Video on Demand Taking Its Share

A pair of studies shows video on demand (VoD) is beginning to make headway, with IPTV a key factor in the service’s popularity.

ABI Research reports VoD will start to make an impact on television programming within five years, a move that will trump traditional TV scheduling as people choose their own times to watch a movie.

“Movies shown on a schedule won’t interest consumers much because they’ll be able to go to a VoD portal at any time and pick out any movie that’s ever been made,” Michael Arden, ABI Research principal analyst of broadband and residential entertainment technologies, said in a statement.

VoD’s success, currently the domain of satellite and cable operators, will depend on the rollout of IPTV, the broadband service that’s just beginning to gather steam among incumbent telephone carriers like Verizon and SBC .

While the ABI Research report notes IPTV will be a key factor in VoD’s growth, the Baby Bells will need to upgrade their older DSL and fiber-to-the-home (FTTH) networks.

SBC late last year accelerated its fiber rollout plans after the Federal Communications Commission (FCC) ruled not to regulate the price Bells could charge to competitors who want to use the fiber for their own services.

Verizon has pledged $3 billion to roll out fiber in the next two years.

IPTV service, and VoD by extension, should begin to pick up soon. Last week, Texas became the first state in the U.S. to waive the requirement that forces Bells to sign franchise agreements with individual communities.

While the Texas law is controversial, telecom carriers say they will now be able to provide television service much quicker in the state.

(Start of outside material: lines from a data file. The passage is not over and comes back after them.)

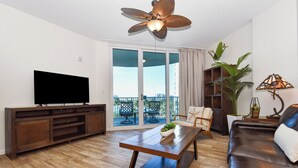 Un salon équipé d’un téléviseur à écran plat, d’une table basse en bois, d’un canapé en cuir et d’un ventilateur de plafond.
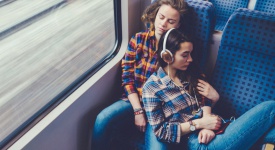 lesbian couple sleeping on a train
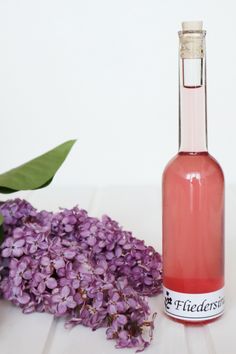 a bottle of pink wine next to some purple flowers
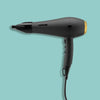 A black professional hairdryer with a gold accent, displayed against a teal background.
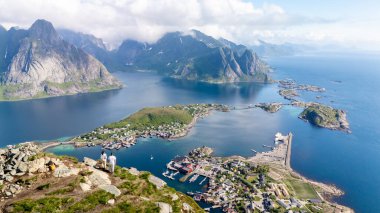 Norveç 'in Lofoten kentindeki canlı kıyı köyünü çevreleyen dağlardır. Kristal berrak sular, ziyaretçilerin büyüleyici manzaraya hayran kalmaları nedeniyle yemyeşil suları yansıtıyor. Reinebringen dağı Lofoten Norveç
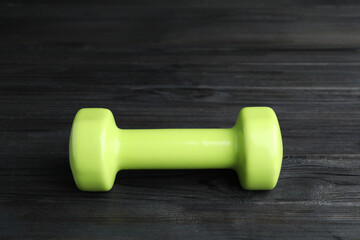 Light green vinyl dumbbell on black wooden table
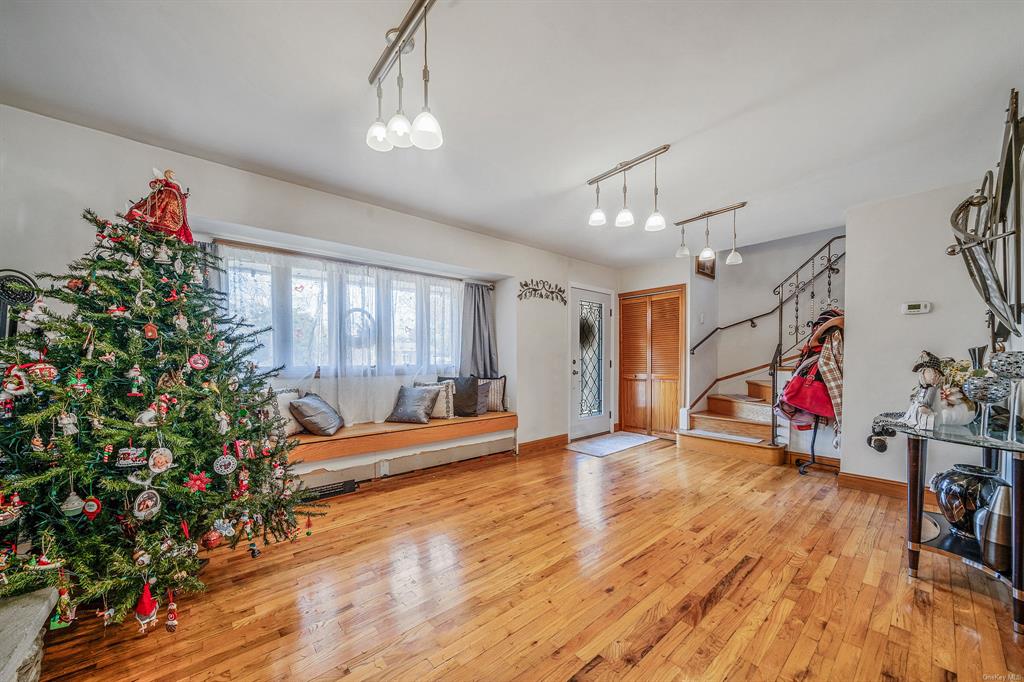 8 Brenner Road Coram, NY 11727 - Photo 8 of 43 a view of a room with wooden floor and window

Despite infrastructure concerns among the Bells, cable operators are seeing dramatic growth in the number of VoD users, reports market research firm In-Stat.

At the end of 2004, there were 7.5 million cable-based VoD users worldwide, a number that’s expected to grow to 13 million by the end of the year and 34 million in 2009.

Cable companies, according to a report published by the firm Wednesday, are looking at free-on-demand (FoD) as a way to differentiate their service from satellite operators. The research notes that while there has been a 55 percent increase in VoD revenues from 2003 to 2004, revenues continue to lag behind user growth as FoD becomes more popular.

In-Stat reports 25 percent of all U.S. cable TV subscribers have tried VoD. The cost to deliver VoD, in equipment and network operations costs, has dropped from $300 per video stream to $250 from mid-2004 to mid-2005.

ABI Research indicates operators are looking to cut costs even further by purchasing production companies to create their own content, “because they want to be able to control the way content is produced, and they can cut out the middleman to maximize revenue,” Arden stated.